[DATA SHOWN]

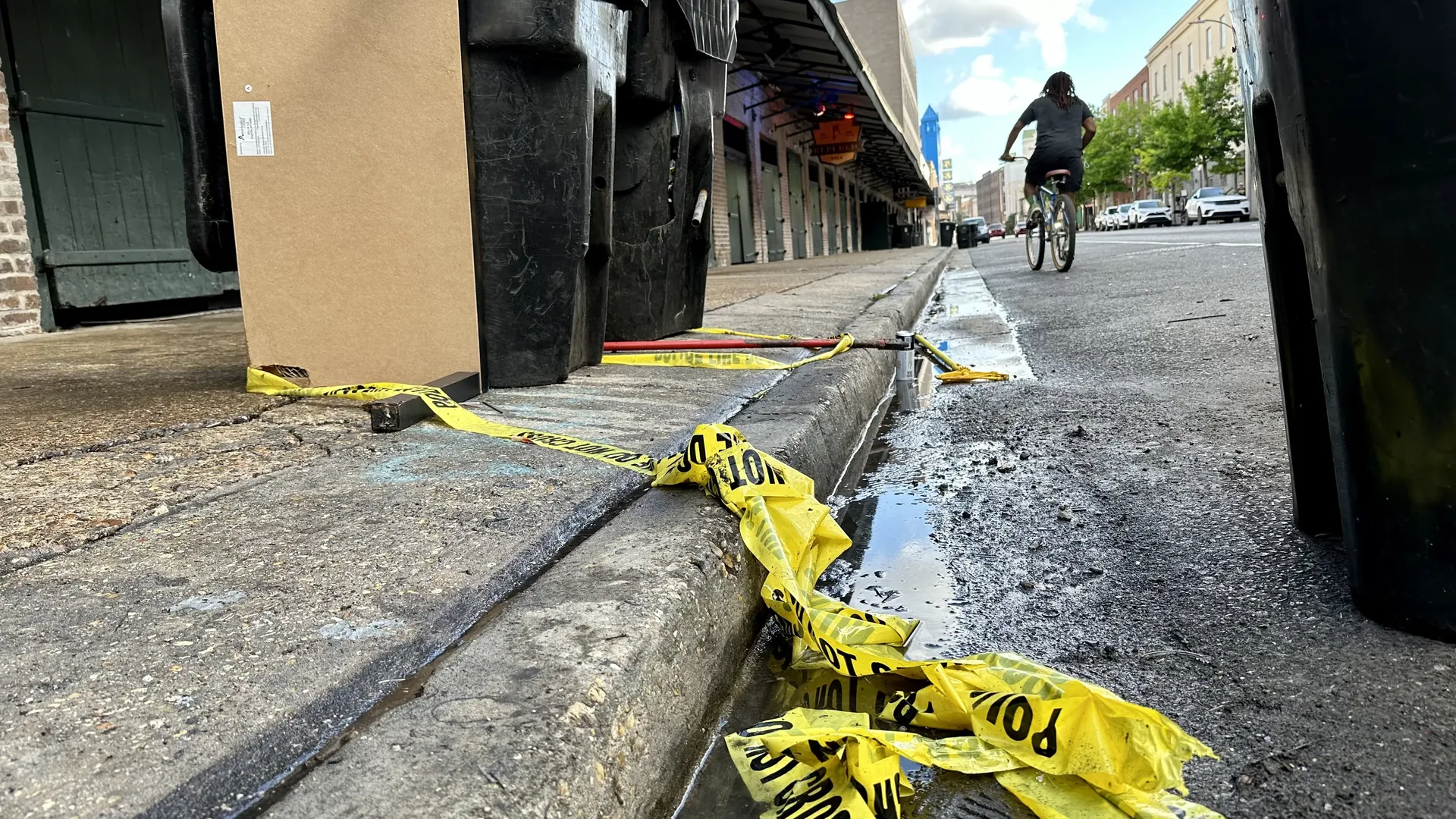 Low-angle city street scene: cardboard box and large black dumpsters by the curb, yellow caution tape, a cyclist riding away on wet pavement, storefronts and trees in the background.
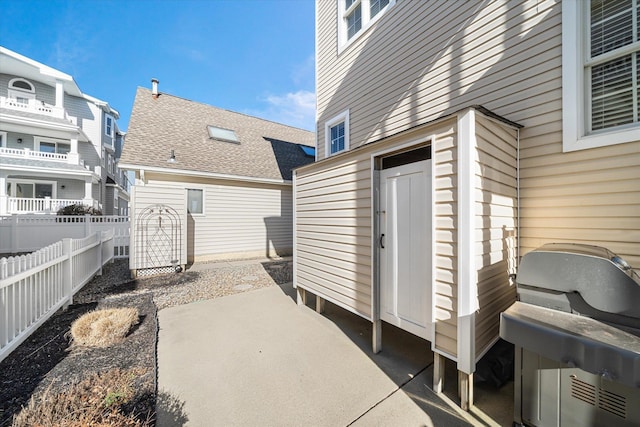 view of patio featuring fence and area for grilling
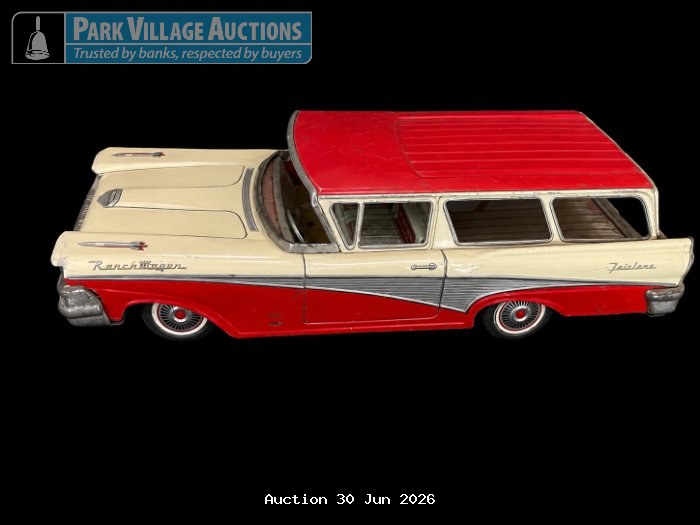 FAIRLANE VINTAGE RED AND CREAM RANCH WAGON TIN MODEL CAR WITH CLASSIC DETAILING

[/DATA SHOWN]

EXERCISE REQUIREMENTS: Copy out exactly, without any pictures, the lines above that begin at the one with "view of patio" and end at the last line of the listing.

WRITTEN REPLY:
 view of patio featuring fence and area for grilling
 FAIRLANE VINTAGE RED AND CREAM RANCH WAGON TIN MODEL CAR WITH CLASSIC DETAILING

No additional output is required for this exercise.